■ Exercise instructions
Return only those lines of the records below in which "Stock" appears.

■ Data in this exercise

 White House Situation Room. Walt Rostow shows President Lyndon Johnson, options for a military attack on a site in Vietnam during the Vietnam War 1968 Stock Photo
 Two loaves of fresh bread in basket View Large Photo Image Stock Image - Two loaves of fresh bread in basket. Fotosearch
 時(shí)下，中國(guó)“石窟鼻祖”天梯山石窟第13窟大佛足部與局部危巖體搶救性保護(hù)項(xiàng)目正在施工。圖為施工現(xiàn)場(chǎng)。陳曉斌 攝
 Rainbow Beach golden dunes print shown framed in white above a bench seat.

---

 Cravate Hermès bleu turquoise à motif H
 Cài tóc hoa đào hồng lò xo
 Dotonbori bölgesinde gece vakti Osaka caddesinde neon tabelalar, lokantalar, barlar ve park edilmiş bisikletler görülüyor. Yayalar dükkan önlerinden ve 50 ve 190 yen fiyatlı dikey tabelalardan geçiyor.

■ Your solution
 White House Situation Room. Walt Rostow shows President Lyndon Johnson, options for a military attack on a site in Vietnam during the Vietnam War 1968 Stock Photo
 Two loaves of fresh bread in basket View Large Photo Image Stock Image - Two loaves of fresh bread in basket. Fotosearch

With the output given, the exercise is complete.